== Task to complete ==
Whenever a line in the records below holds the string "view", include it in the count, and state the number alone.

== Exercise materials ==

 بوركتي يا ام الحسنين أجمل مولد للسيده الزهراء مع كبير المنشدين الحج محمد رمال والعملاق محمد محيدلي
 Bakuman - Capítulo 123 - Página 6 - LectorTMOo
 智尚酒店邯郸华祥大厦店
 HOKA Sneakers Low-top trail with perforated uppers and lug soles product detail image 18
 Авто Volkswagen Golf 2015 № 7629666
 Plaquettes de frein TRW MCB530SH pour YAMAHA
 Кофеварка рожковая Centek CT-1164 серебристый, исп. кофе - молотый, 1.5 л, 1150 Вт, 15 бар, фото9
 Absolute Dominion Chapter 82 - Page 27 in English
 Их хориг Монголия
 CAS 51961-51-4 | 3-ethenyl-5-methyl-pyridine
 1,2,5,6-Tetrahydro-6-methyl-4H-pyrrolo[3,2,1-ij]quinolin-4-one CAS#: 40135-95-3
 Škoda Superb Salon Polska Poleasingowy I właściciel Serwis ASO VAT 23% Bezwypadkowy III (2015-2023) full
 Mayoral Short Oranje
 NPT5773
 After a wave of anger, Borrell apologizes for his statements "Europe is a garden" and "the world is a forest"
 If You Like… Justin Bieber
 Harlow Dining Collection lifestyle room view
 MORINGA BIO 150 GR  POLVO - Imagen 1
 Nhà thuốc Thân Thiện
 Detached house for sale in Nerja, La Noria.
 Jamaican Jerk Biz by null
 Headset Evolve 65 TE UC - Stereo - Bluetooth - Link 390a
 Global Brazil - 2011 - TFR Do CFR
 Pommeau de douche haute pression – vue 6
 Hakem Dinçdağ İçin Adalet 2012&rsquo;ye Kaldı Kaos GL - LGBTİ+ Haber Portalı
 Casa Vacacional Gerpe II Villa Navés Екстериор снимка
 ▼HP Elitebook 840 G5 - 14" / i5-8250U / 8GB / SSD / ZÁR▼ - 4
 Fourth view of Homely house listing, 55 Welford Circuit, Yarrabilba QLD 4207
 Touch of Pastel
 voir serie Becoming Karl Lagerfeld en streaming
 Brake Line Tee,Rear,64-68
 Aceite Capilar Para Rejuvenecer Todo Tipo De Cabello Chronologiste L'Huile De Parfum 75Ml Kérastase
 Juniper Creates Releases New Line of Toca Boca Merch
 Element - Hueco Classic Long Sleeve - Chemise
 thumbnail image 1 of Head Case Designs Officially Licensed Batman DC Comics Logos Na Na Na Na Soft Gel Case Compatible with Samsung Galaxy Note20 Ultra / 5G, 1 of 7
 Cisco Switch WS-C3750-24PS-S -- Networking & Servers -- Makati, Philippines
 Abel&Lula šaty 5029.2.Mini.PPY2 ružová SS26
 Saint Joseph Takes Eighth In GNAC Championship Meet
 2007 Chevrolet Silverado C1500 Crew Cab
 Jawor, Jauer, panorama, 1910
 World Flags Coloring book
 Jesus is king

== Output for this task ==
2